■ What is needed: Print exactly the lines from the one containing "coeur, Monuments, Basilica, paris, Sacré, Montmartre" through the last line of the records below, both included, and nothing else; omit any pictures.

■ Records:
Start of Block

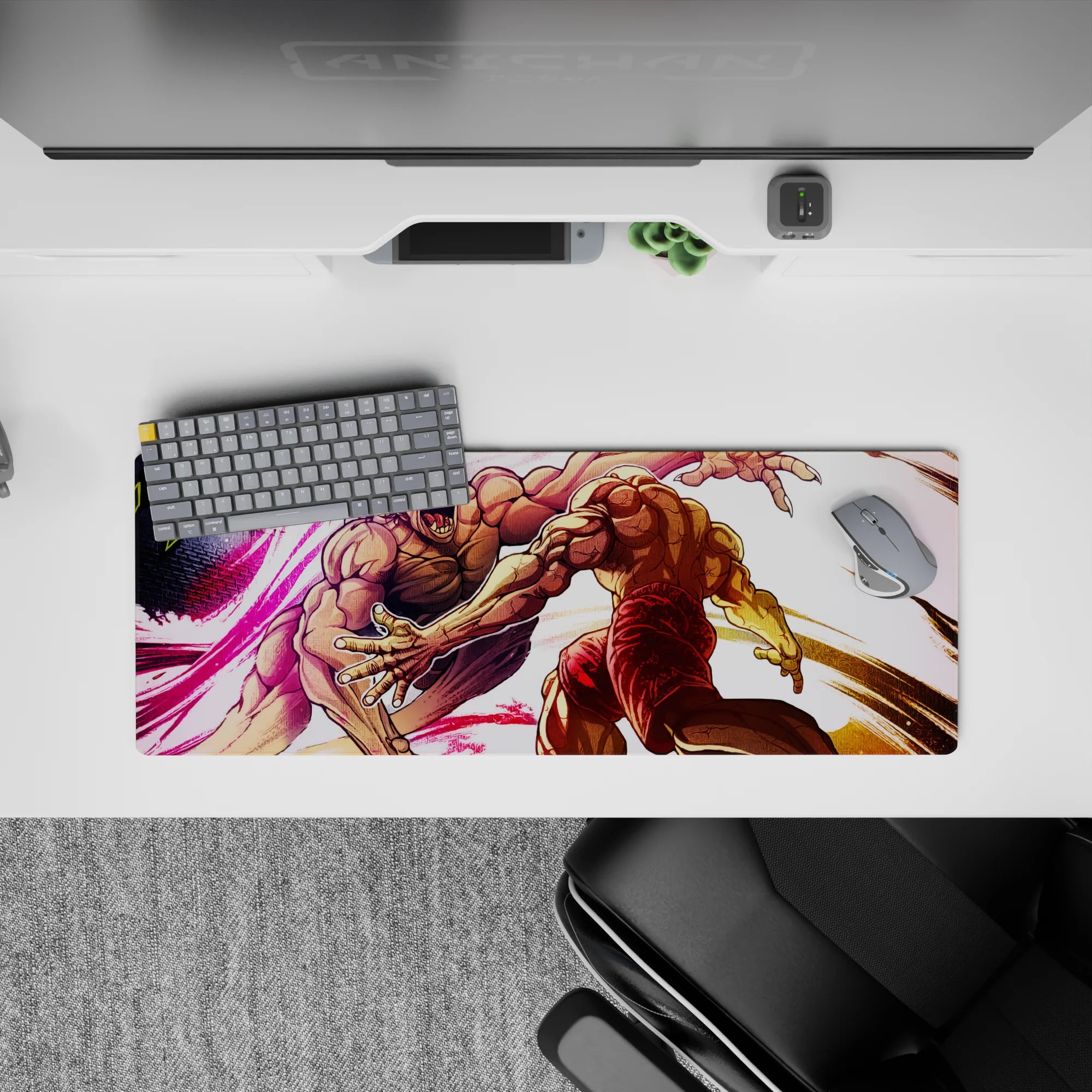 32x12 inches anime mouse pad in neon pink and warm gold, high-impact rage vibe with sharp inked lines.
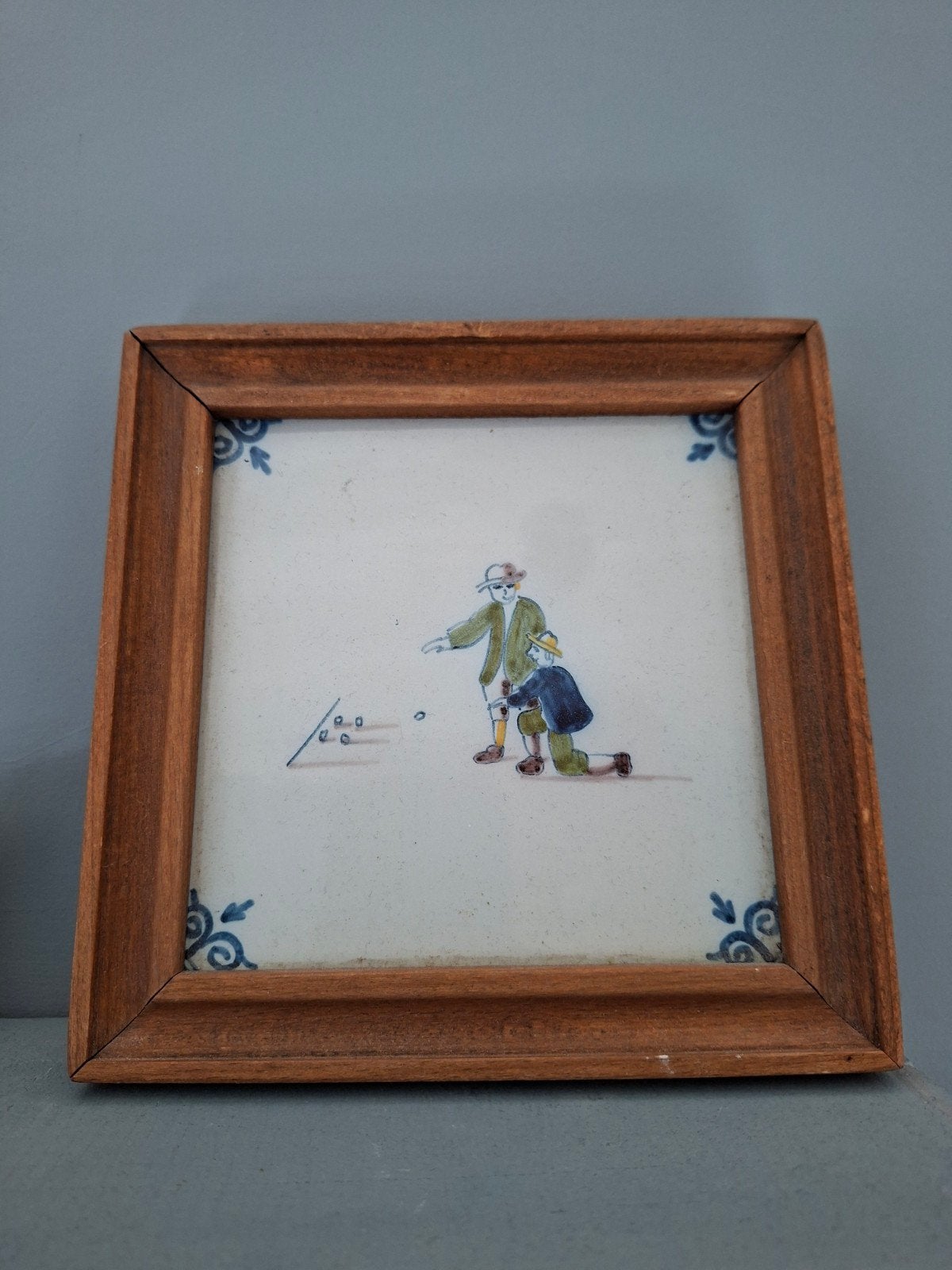 Oud-Hollandse tegel in lijst - Makkum, handgeschilderd, Ophalen of Verzenden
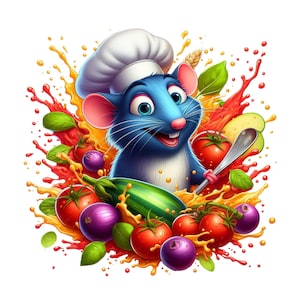 Ratatouille remy png clipart, Ratatouille fruit splash, mouse chef, Ratatouille chef, instant download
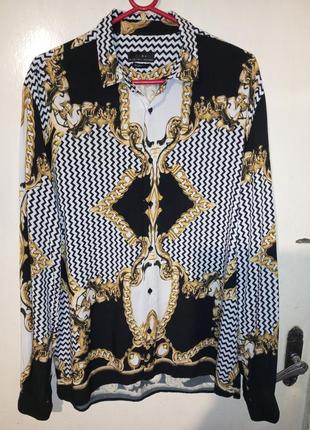 Стильная блузка-рубашка с принтом "цепи" в стиле версаче,zara7 фото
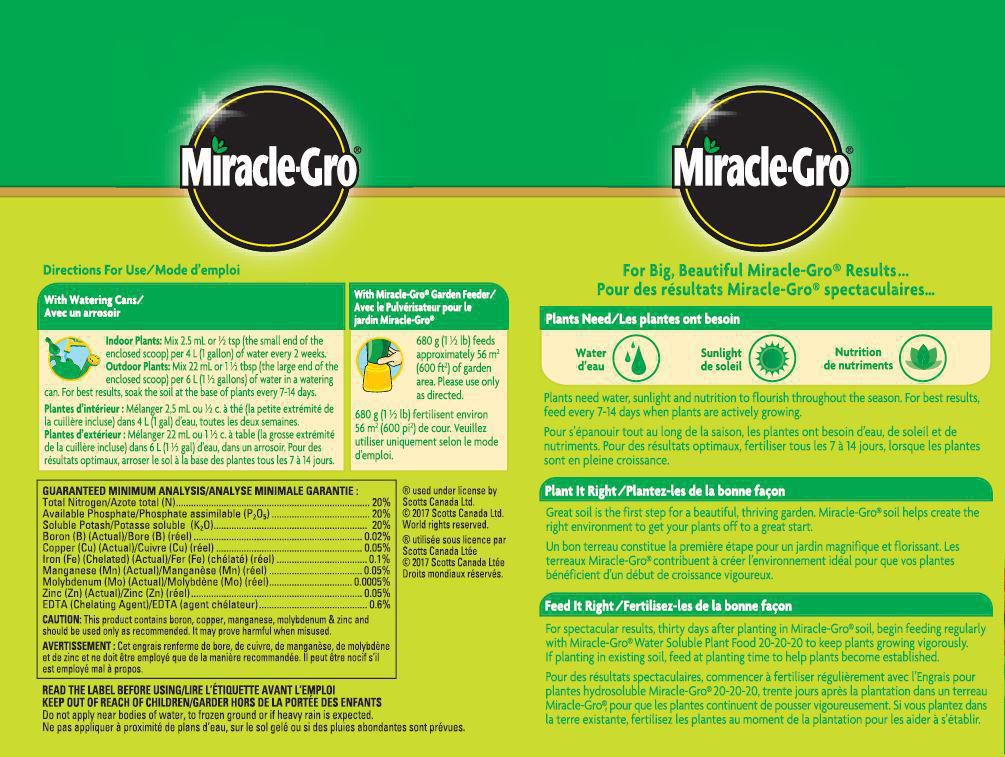 Miracle-Gro® Water Soluble Plant Food 20-20-20 680 g, MG Water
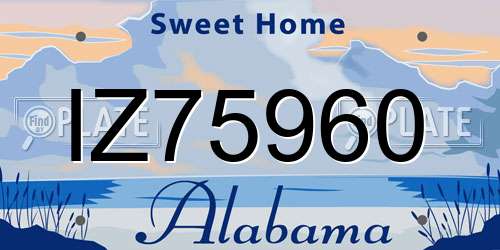 IZ75960 Alabama License Plate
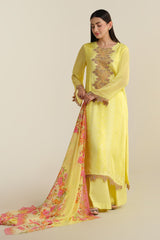 3 piece - Printed & Embroidered Suit - E1717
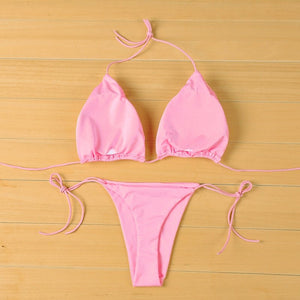 Trend Summer Sexy Solid Women Mirco Bikini Sets Tie Side G-String Thong Swimsuit Female Bandage Bathing Suit Beach Swimwear | TageUnlimited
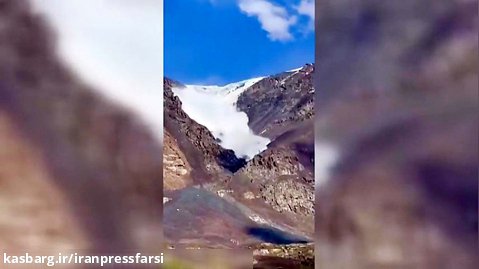 ریزش یکی از یخچال های طبیعی در کوهستان تیان شان قرقیزستان
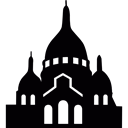 coeur, Monuments, Basilica, paris, Sacré, Montmartre Black icon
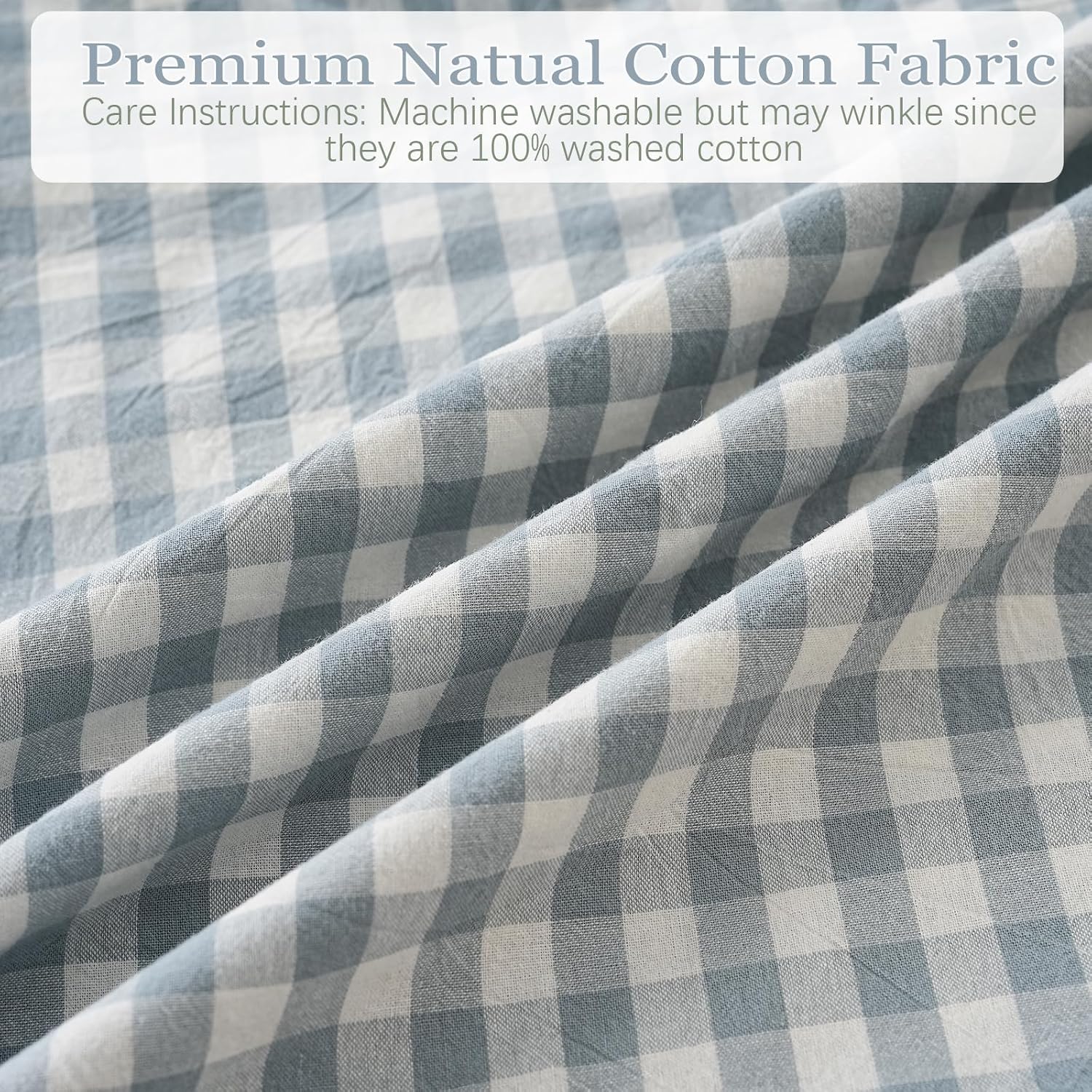 Qilunn Blue White Plaid Euro Pillow Shams Ruffle Pillowcases Set of 2, Shabby Checkered Washed Cotton Pillow Covers-26 x26, Blue/White Plaid…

End of Block

■ Answer to the problem:
 coeur, Monuments, Basilica, paris, Sacré, Montmartre Black icon
 Qilunn Blue White Plaid Euro Pillow Shams Ruffle Pillowcases Set of 2, Shabby Checkered Washed Cotton Pillow Covers-26 x26, Blue/White Plaid…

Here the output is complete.